Advertisement

Soviets Still Socialistic, China’s Premier Says : Diplomacy: Li Peng acknowledges legitimacy of reforms. The remarks could stir debate in his own party.

Share
TIMES STAFF WRITER

Chinese Premier Li Peng, attempting to avoid a new ideological feud between Beijing and Moscow, said Wednesday that he believes the Soviet Union still adheres to socialism despite political and economic reforms that will end the Communist Party’s monopoly on power and make market forces the motor of the country’s economy.

Although the Chinese Communist Party has sharply criticized President Mikhail S. Gorbachev’s reforms, particularly the impact they have had on Eastern Europe, Li said that his three days of talks with Gorbachev and other Soviet leaders have convinced him that the Soviet Union remains committed to socialism.

Li’s response, acknowledging the political legitimacy of perestroika, as the Soviet reform program is known, could well reopen debate within the Chinese Communist Party over its own direction and the scope of its reforms, an issue the Chinese leadership has attempted to foreclose with its criticism of Gorbachev in recent months.

Advertisement

“We have had an exchange of views, and I believe that the process of perestroika now under way in the Soviet Union has a socialist orientation,” Li told a press conference.

But Li, regarded as a hard-liner within Chinese politics, stressed the need for each socialist country to pursue its own policies despite shared goals and values.

“Each society has its own reality, its own situation, and each has reached a certain stage of development and enjoys its own culture and tradition,” he said. “How socialism should develop is a question each should answer for itself. We do not have one model for everyone to follow. . . .

“With regard to the changes that have occurred in the socialist countries of Eastern Europe, it is true that major changes have swept those countries. There is no denying the facts. But in the ultimate analysis, it is still too early to say if they have abandoned socialism and their socialist policies.”

Speaking about the current political situation in China, Li made it clear that the leadership intends to maintain the tight controls with which it brought an end to the student-led pro-democracy movement there last spring.

“Some believe that in April, May or June of this year, more disturbances will affect China,” Li said, “but I am sure that nothing of that sort will happen.”

Advertisement

Li, acting on the orders of Deng Xiaoping, China’s paramount leader, and other party veterans, sent troops to clear Tian An Men Square in Beijing last June in an action that killed hundreds and perhaps thousands of protesters. Since then, he has further tightened controls in the country.

“I believe that a year ago the situation in China could not be compared to what we have today,” Li said. “Last year at this time, I concentrated on handling these very delicate problems. Now, I am on an official visit to the Soviet Union, and that means the political situation in our country is stable.”

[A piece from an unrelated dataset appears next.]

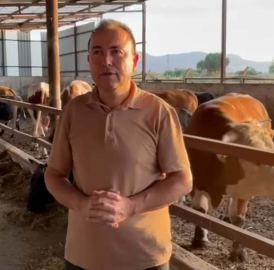 Dananın saldırısına uğrayan iş insanı, 3 gün sonra öldü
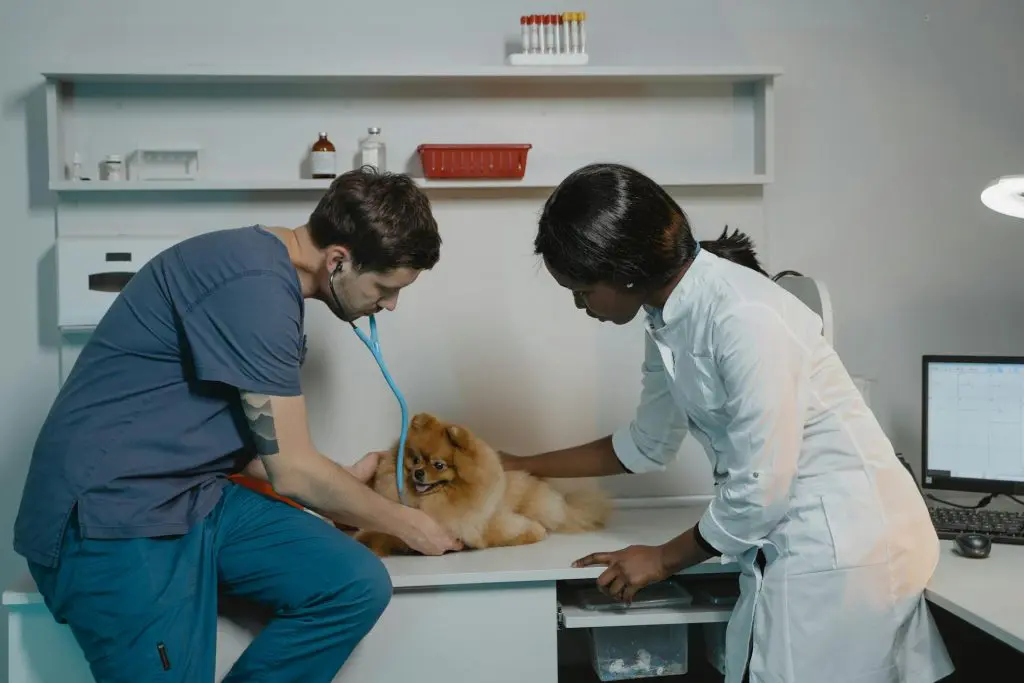A vet is doing an initial exam on a dog.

He acknowledged some unrest recently, however, in Xinjiang, on China’s northwest frontier with the Soviet Union in Central Asia, where 22 people were killed, according to official reports, in anti-Beijing protests.

“A certain number of criminals there, some thugs, were the instigators of the unrest, and the matter was settled under our present laws,” he said. “The situation there is back to normal.”

For Li, the hourlong press conference became almost an exercise in stressing the differences between China and the Soviet Union without spelling them out and of upholding their right to differ on fundamental questions of socialism without resuming the long and bitter ideological feud that divided them for three decades.

The Chinese leadership has criticized the Soviet reforms in a series of internal party documents over the last six months, accusing Gorbachev of “subverting socialism” not only in the Soviet Union but throughout Eastern Europe.

Advertisement

When Gorbachev won the agreement of the Soviet Communist Party’s Central Committee to end its monopoly on political power, the Chinese party responded with a stern admonition to its members:

“In China, without the strong leadership of the Chinese Communist Party, new turmoil and wars would surely arise, the nation would be split and the people, not to mention the construction of the state, would suffer.”

As he reviewed his visit, the first by a Chinese premier in 25 years, Li showed some feelings of vindication as journalists asked whether China’s priorities of “stability and unity,” even at the price of the Tian An Men deaths, are also applicable in the Soviet Union, where social unrest is rising and ethnic conflict has grown into open attempts at secession.

“I think this question was directed to the wrong address,” Li said. “It’s of (Gorbachev) you should ask such questions.”